■ **EXERCISE OBJECTIVE**: Write out the listing below in full and exactly, leaving out every picture.

■ **DATASET SECTION**:

----

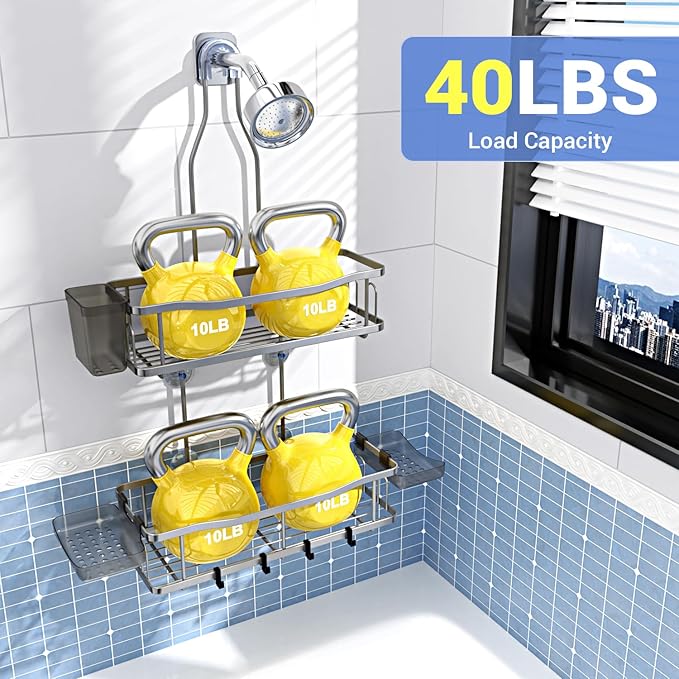 Aitatty Hanging Shower Caddy Bathroom Organizer: Rustproof Shower Shelf Racks Over Shower Head - No Drilling Inside Bath Shower Rack Shelves Over Showerhead for Shampoo with Soap Holder Silver | Includes Soap Holder and Hooks for Shampoo, Conditioner, ...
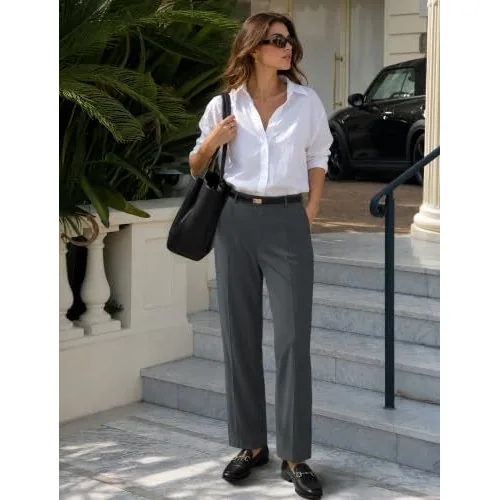 DLOODA Work Wide Leg Pants, Dark Grey, view 4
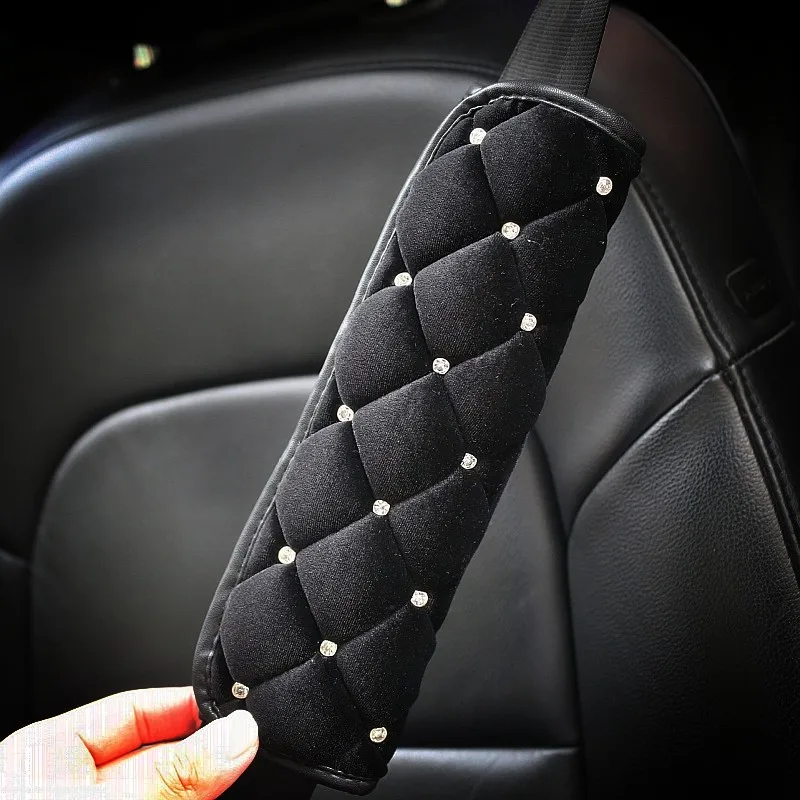 High-Quality-Plush-Car-Seat-Belt-Cover-Soft-Shoulder-Pad-Crystal-HandBrake-Gear-Shifter-Cover-Car-Styling-Interior-117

----

■ **FINISHED TASK**:
 Aitatty Hanging Shower Caddy Bathroom Organizer: Rustproof Shower Shelf Racks Over Shower Head - No Drilling Inside Bath Shower Rack Shelves Over Showerhead for Shampoo with Soap Holder Silver | Includes Soap Holder and Hooks for Shampoo, Conditioner, ...
 DLOODA Work Wide Leg Pants, Dark Grey, view 4
 High-Quality-Plush-Car-Seat-Belt-Cover-Soft-Shoulder-Pad-Crystal-HandBrake-Gear-Shifter-Cover-Car-Styling-Interior-117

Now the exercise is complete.